LinkedIn search suggesting Universal Music Group company results
Search the company on LinkedIn to open its page
Keep one URL per input object. If you submit a batch, send an array of input objects with the same schema.

Step 2. Run the API request

Use this Python script. Replace YOUR_API_KEY with your ScrapeNow API key.

The script starts a scraping job, polls until the job reaches a final state, downloads JSON results, and writes them to disk. Keep this pattern for production workers. It gives you one place to handle timeouts, retries, and result storage.

"""
Configuration:
    - Set SCRAPER_SLUG to the scraper you want to run.
    - Set SCRAPER_INPUTS to the list of input dicts matching that scraper's schema.
    - Set API_KEY to your scraper API key.
"""

import sys
import time
import json
import requests
import os

API_KEY = "YOUR_API_KEY"

SCRAPER_SLUG = "linkedin-posts-extract-by-url"

SCRAPER_INPUTS = [
    {
        "url": "https://www.linkedin.com/posts/universalmusicgroup_an-evening-with-sollos-last-week-at-the-activity-7455024985502371849-7v88"
    }
]



BASE_URL = "https://api.scrapenow.io/api/v1/scraping"
TIMEOUT_SECONDS = 3600
POLL_INTERVAL = 5
SPINNER = "|/-\\"


def build_headers(api_key: str, content_type: str | None = None) -> dict:
    headers = {"Authorization": f"Bearer {api_key}"}
    if content_type:
        headers["Content-Type"] = content_type
    return headers


def trigger_scrape(slug: str, inputs: list[dict]) -> str:
    url = f"{BASE_URL}/scrape?scraper={slug}"
    response = requests.post(
        url,
        headers=build_headers(API_KEY, "application/json"),
        json={"inputs": inputs},
    )
    response.raise_for_status()
    return response.json()["data"]["job_id"]

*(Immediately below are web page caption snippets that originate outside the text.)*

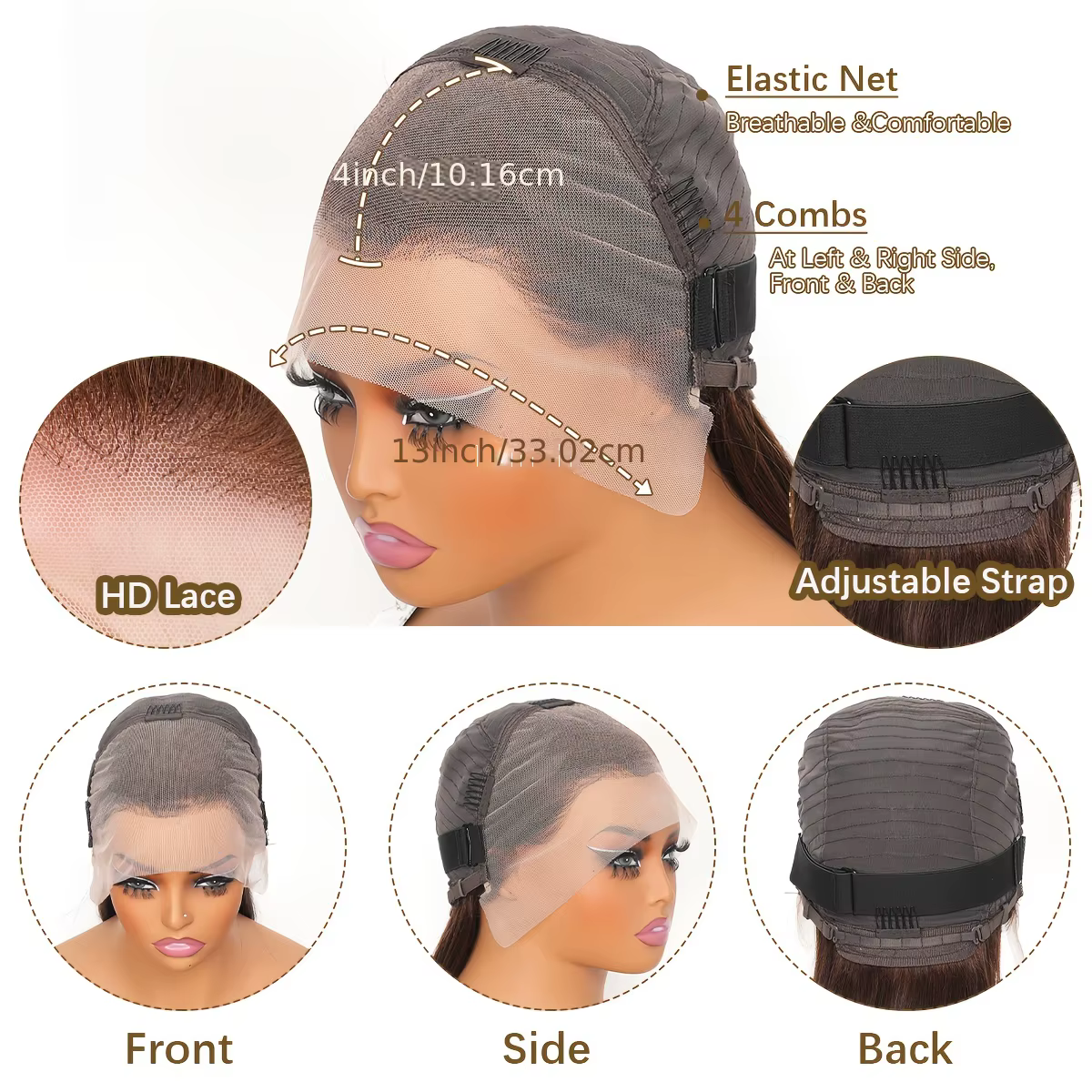 Perruques en cheveux humains brun chocolat 13x4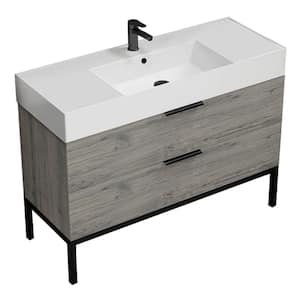 Derin 47.64 in. W x 18.11 in. D x 34.65 in. H Modern Bathroom Vanity in Grey Oak With White Ceramic Top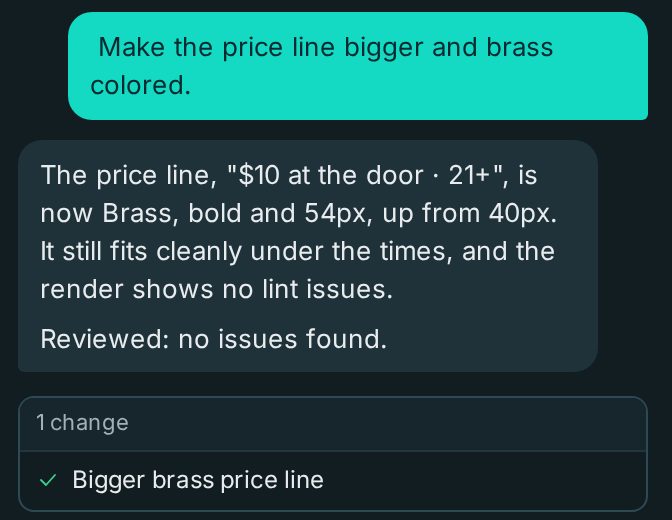 A chat request, 'Make the price line bigger and brass colored', the AI's reply explaining the price line is now brass, bold and 54px and still fits, 'Reviewed: no issues found', and a list with exactly one change: Bigger brass price line.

def poll_until_done(job_id: str) -> str:
    start = time.time()
    i = 0
    while True:
        elapsed = time.time() - start
        if elapsed > TIMEOUT_SECONDS:
            print(f"\nTimeout after {TIMEOUT_SECONDS}s")
            sys.exit(1)
        response = requests.get(
            f"{BASE_URL}/jobs/{job_id}",
            headers=build_headers(API_KEY),
        )
        response.raise_for_status()
        data = response.json()
        status = data["data"]["status"]
        mins, secs = divmod(int(elapsed), 60)
        sys.stdout.write(
            f"\r[{SPINNER[i % 4]}] Waiting... {status} ({mins}m {secs:02d}s)  "
        )
        sys.stdout.flush()
        if status in ("completed", "failed"):
            print()
            return status
        time.sleep(POLL_INTERVAL)
        i += 1


def fetch_results(job_id: str) -> dict:
    response = requests.get(
        f"{BASE_URL}/jobs/{job_id}/results?format=json",
        headers=build_headers(API_KEY),
    )
    response.raise_for_status()
    return response.json()


def save_results(data: dict, slug: str) -> str:
    os.makedirs("output", exist_ok=True)
    filename = os.path.join("output", f"{slug}.json")
    with open(filename, "w", encoding="utf-8") as f:
        json.dump(data, f, indent=2, ensure_ascii=False)
    return filename


def main() -> None:
    print(f"Triggering scraper: {SCRAPER_SLUG}")
    job_id = trigger_scrape(SCRAPER_SLUG, SCRAPER_INPUTS)
    print(f"Job started: {job_id}")
    final_status = poll_until_done(job_id)
    if final_status != "completed":
        print(f"Job failed with status: {final_status}")
        sys.exit(1)
    print("Fetching results...")
    results = fetch_results(job_id)
    output_file = save_results(results, SCRAPER_SLUG)
    print(f"Results saved to: {output_file}")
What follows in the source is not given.